=== Section Start ===

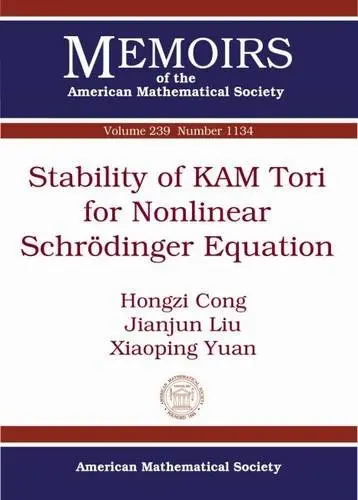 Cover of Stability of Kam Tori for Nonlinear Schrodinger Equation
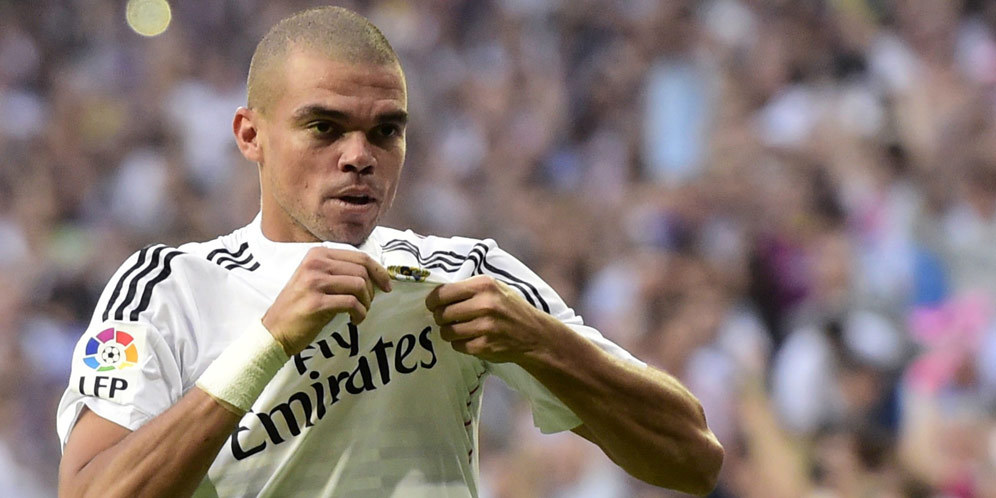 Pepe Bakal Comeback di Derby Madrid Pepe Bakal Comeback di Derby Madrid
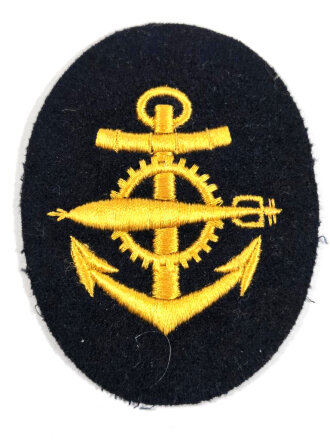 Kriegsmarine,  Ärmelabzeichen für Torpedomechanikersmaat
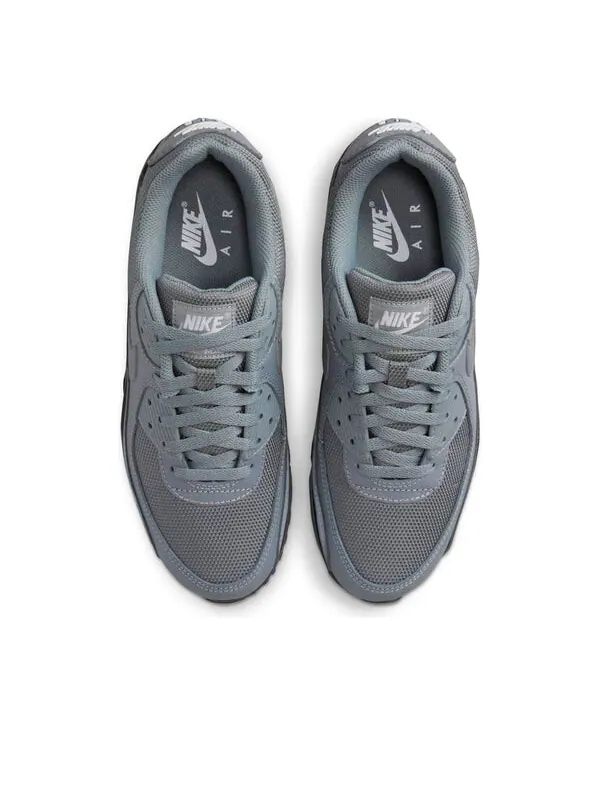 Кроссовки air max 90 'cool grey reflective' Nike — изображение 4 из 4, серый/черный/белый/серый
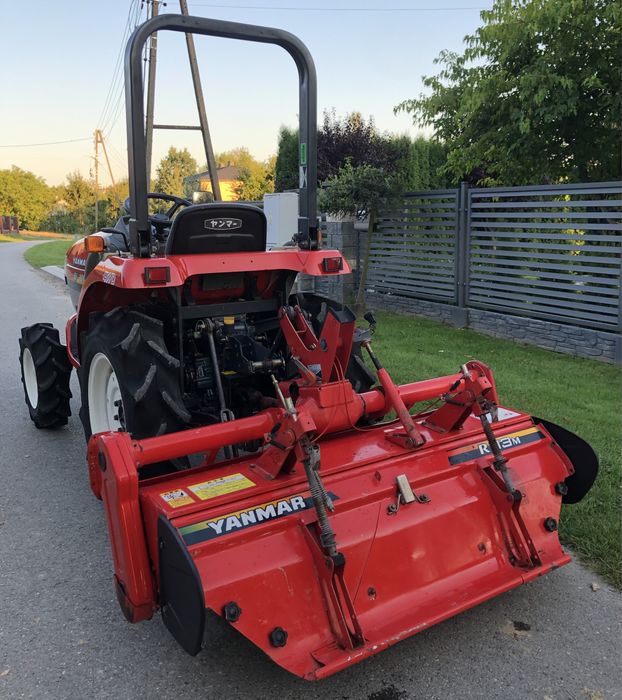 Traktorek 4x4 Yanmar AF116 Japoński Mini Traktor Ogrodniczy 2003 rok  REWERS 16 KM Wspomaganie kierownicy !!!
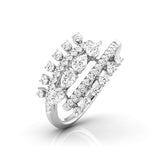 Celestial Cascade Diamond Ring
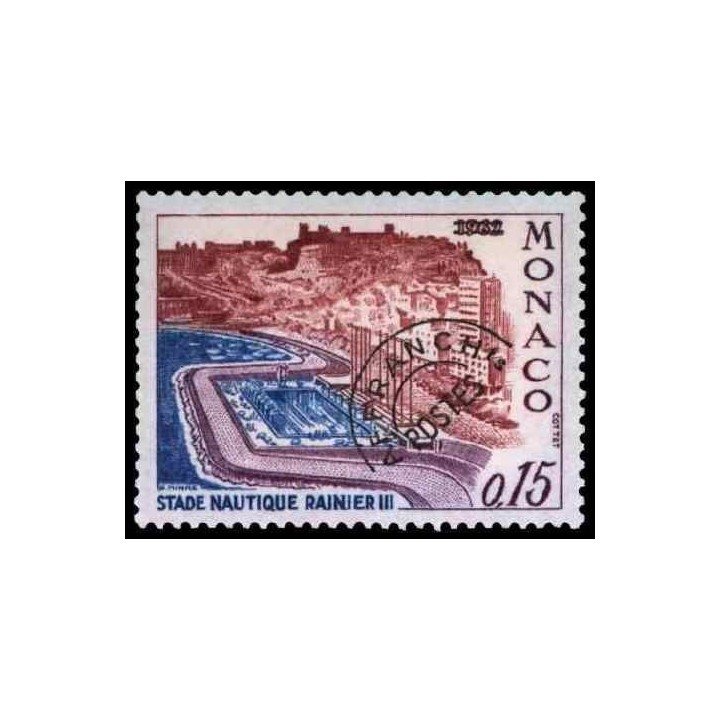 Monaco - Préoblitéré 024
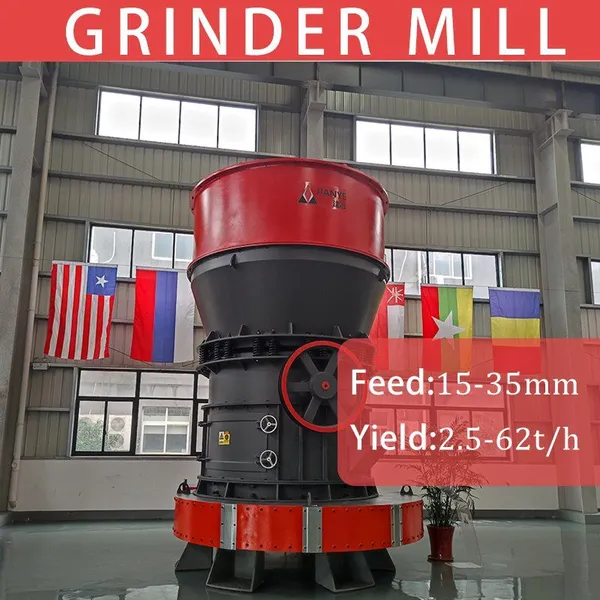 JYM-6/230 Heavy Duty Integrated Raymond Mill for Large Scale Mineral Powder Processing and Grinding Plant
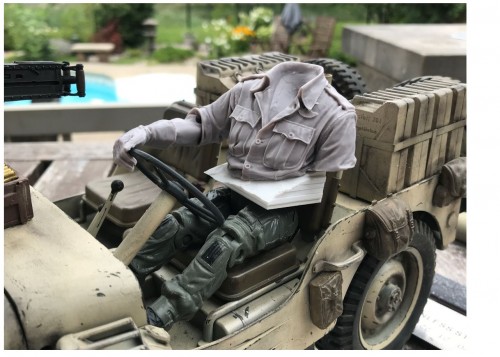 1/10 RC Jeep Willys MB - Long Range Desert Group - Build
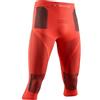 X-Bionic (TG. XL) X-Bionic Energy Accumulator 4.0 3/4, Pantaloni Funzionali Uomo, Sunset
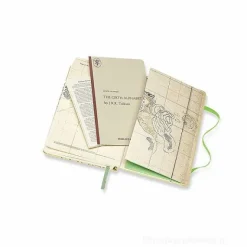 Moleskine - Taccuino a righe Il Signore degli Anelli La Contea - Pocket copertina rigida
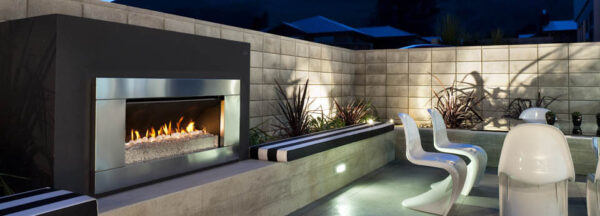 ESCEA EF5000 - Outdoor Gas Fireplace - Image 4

=== Section End ===

_Activity:_ Repeat all entries exactly, pictures excluded.

_Response below:_
 Cover of Stability of Kam Tori for Nonlinear Schrodinger Equation
 Pepe Bakal Comeback di Derby Madrid Pepe Bakal Comeback di Derby Madrid
 Kriegsmarine,  Ärmelabzeichen für Torpedomechanikersmaat
 Кроссовки air max 90 'cool grey reflective' Nike — изображение 4 из 4, серый/черный/белый/серый
 Traktorek 4x4 Yanmar AF116 Japoński Mini Traktor Ogrodniczy 2003 rok  REWERS 16 KM Wspomaganie kierownicy !!!
 Celestial Cascade Diamond Ring
 Monaco - Préoblitéré 024
 JYM-6/230 Heavy Duty Integrated Raymond Mill for Large Scale Mineral Powder Processing and Grinding Plant
 1/10 RC Jeep Willys MB - Long Range Desert Group - Build
 X-Bionic (TG. XL) X-Bionic Energy Accumulator 4.0 3/4, Pantaloni Funzionali Uomo, Sunset
 Moleskine - Taccuino a righe Il Signore degli Anelli La Contea - Pocket copertina rigida
 ESCEA EF5000 - Outdoor Gas Fireplace - Image 4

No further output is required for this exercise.